We found something that was causing a problem over the past few months and fixed it.
The problem was that some of our automated clean-up jobs were not completed. The job was running, which is why we weren’t getting any failure notifications, but then it would quietly die and the death was undetected. The clue came while we were assessing site performance and wondering why so many projects had old code fetches. And those old records that hadn’t been cleaned out were dragging database performance down.
We found a number of old jobs that had not been cleaned up and were able to track backwards to those cron jobs.

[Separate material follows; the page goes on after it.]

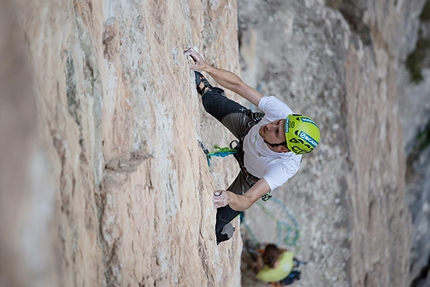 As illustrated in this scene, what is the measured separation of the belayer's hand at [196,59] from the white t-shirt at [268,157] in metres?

The fix is in and performance is better. Here is the before and after story:
Check out the scale on the left. It goes up to 1.2 seconds (!!). The average server response time for this period was nearly 800 ms.
K. Now check this out:
Check out the scale now. The max value is about 1/3 of the previous maximum. Current average server times are around 220 ms.
Of course, when we don’t run analysis, the server responds with average times of less than 80 ms, which is where we want to be. We’ll get there when we separate the Analytics database from the Web Application database later this year.
But first, we’re working on re-enabling new account creation. The initial spike work has been completed and we are reviewing the results. Thanks for your patience and support during this period.
Oh, and another result of fixing the clean up scripts is that outdated projects are now automatically getting caught up as they are supposed to. Sweet.